Besuch aus dem Jenseits

Die selbe Tante berichtete auch von einem weiteren Erlebnis. Sie hatte die Pflege ihres Großvaters übernommen, der bereits in jungen Jahren erblindet war. Einige Wochen vor seinem Tod, brachte sie ihm das Essen und bemerkte, wie er sich mit jemand unterhielt. Es war jedoch niemand außer den Beiden im Raum. Er unterbrach nun dieses Gespräch und verabschiedete sich von seinem imaginären Gast. Zu meiner Tante sagte er: Geh' Erika, sei so lieb, begleit meinen Freund ... (den Namen habe ich vergessen) hinaus. Sie musste nun die Türe öffnen und wieder schließen. Dieses Erlebnis bestärkte meine Tante in dem Glauben, dass wir von einem guten, bereits verstorbenen Freund in die Ewigkeit geleitet werden. 

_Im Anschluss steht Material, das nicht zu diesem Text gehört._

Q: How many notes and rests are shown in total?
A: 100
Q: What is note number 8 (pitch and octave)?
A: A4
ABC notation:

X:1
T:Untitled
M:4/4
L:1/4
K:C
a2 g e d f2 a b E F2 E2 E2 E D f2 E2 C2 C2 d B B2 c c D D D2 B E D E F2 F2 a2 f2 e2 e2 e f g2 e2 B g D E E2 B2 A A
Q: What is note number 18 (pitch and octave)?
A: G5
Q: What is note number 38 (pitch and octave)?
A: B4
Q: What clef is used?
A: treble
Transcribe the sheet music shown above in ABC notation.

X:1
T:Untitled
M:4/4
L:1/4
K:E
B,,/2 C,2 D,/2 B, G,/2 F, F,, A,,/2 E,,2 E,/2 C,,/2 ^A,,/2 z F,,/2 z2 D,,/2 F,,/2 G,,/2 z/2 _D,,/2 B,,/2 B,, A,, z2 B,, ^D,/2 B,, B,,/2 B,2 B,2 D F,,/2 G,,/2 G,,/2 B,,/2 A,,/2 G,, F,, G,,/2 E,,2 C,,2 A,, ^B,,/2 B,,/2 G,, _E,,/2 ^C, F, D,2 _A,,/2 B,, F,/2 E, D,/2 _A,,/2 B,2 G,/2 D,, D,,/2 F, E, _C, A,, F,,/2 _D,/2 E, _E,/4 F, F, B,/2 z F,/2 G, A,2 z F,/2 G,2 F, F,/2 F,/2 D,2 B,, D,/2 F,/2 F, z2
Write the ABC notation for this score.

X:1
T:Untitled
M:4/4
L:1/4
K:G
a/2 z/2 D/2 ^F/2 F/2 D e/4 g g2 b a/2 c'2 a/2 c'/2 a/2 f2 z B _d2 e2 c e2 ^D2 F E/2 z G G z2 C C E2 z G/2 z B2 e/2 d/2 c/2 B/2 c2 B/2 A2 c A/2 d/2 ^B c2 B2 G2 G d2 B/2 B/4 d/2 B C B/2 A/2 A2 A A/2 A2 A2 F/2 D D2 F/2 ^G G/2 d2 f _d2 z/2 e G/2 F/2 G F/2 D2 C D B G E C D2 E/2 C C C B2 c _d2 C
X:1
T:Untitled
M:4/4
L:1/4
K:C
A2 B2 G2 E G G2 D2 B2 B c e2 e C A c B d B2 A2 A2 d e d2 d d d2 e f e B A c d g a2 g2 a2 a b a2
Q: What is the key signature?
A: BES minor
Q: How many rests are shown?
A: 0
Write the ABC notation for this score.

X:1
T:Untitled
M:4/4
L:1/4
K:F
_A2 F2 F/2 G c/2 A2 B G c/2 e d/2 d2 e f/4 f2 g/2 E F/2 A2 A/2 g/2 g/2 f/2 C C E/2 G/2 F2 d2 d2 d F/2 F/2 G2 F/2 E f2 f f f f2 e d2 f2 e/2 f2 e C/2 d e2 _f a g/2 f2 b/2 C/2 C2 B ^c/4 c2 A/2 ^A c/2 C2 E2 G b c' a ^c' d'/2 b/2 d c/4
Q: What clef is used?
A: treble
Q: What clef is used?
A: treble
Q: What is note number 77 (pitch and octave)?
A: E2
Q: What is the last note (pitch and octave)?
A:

Eine weitere Geschichte dieser Art ist in dem Buch des Pfarrers Willibald Glas "Der Pfarrer von Arget" nachzulesen. Die Geschichte handelt von seinem Großvater und ist so von der Familie Willibald Glas erzählt worden. Ursprünglich besaß die Familie einen eigenen Bauernhof. Aber durch eine Serie von Todesfällen beim Vieh geriet die Familie in die Schuldenfalle. Es kam trotz eines Bürgen zur Versteigerung. Dabei soll auch der Pfarrer mitgemischt haben und bei einem Gerichtsverfahren einen Meineid geschworen haben. Der Großvater arbeitete nun auf anderen Bauernhöfen bis er pflegebedürftig wurde. Seine Frau pflegte ihn mit viel Liebe und Geduld.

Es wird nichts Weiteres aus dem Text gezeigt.